A ce point-là, tout le monde imagine qu'on peut faire comme s'il ne s'était rien passé. On laisse repartir la machine à fric et on attend la prochaine crise financière. Et en attendant, on oblige les États à se désinvestir de l'économie, jusqu'à ce que les plus riches aient encore besoin de lui pour sauver leurs fortunes. On peut même essayer de démontrer que la crise n'est venue qu'en raison d'une insuffisante libéralisation des marchés financiers et de production.

 

Mais troisièmement, il existe une incohérence. Les masses astronomiques de liquidités émises par les banques centrales dans le cadre des outils non conventionnels de politique monétaire ne cadrent pas avec la théorie monétariste. Une telle masse de liquidités devrait être inflationniste voire hyperinflationniste.  L'absence de tendance inflationniste remet en cause la théorie monétariste. Pas de phénomène d'hyperinflation observé.
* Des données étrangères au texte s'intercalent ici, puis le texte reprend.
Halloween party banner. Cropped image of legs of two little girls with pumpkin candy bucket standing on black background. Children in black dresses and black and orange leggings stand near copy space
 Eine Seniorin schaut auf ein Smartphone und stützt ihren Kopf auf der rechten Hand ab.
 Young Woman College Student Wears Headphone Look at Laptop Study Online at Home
Et on commence ainsi à parler d'une nouvelle théorie monétaire : La théorie monétaire moderne (TMM).

 

La TMM dont on commence à parler assez largement aux Etats-Unis reposent sur quelques principes : 

 

1. «La monnaie est une fonction sociale, et non pas une contingence à la rareté intrinsèque, contrairement ce qui raconte les théories monétarisme.»

 

2. «À ce titre, son usage doit concourir avant tout au bien public, et non pas être surdéterminé entièrement par les règles du secteur privé, et ce, d’autant plus lorsque ce dernier a si évidemment failli au rôle que la théorie dominante lui attribue.»

 

3. Tout État qui imprime sa propre monnaie ne peut, par définition, jamais faire faillite. Les États peuvent en créer autant que nécessaire pour générer de la croissance, au diable la dette et les déficits.

 

4. Si une telle baisse de la valeur de la monnaie devait d’aventure créer de l’inflation, il suffit d’augmenter les impôts et d’émettre de nouvelles obligations afin de retirer la monnaie excédentaire du circuit économique. Les impôts ne sont plus un véhicule de financement de l’État. Ils servent à gérer la masse monétaire afin d’obtenir la croissance et l’inflation voulue.

 

J'ai surtout trouvé des articles attaquant cette théorie. Mais l'idee elle-même qu'il puisse exister une autre théorie monétaire me remplit d'aise, parce qu'elle met en pièce cette fin de l'économie (de La même manière que l´on parle de la fin de l'histoire et de la victoire finale et définitive du libéralisme sur le socialisme et le communisme) que l'on nous a prédit et annoncé, démontré, certifiant que seul le monétarisme et le libéralisme ont un avenir en économie. 

 

https://insolentiae.com/la-theorie-monetaire-moderne-tmm-un-probleme-qui-va-venir-des-etats-unis-ledito-de-charles-sannat/

 

https://or-argent.eu/les-3-stades-de-la-theorie-monetaire-moderne/

 

https://www.courrierinternational.com/article/theorie-economique-cette-doctrine-peu-orthodoxe-que-wall-street-plebiscite

 

https://la-chronique-agora.com/sujet/theorie-monetaire-moderne/

 

On vit peut-être ainsi les dernières lueurs du monétarisme et de la théorie des anticipations rationnelles, voire des théories néo-classiques. J'essaierais dans un prochain post de fouiller plus avant les préceptes de cette «Théorie monétaire moderne».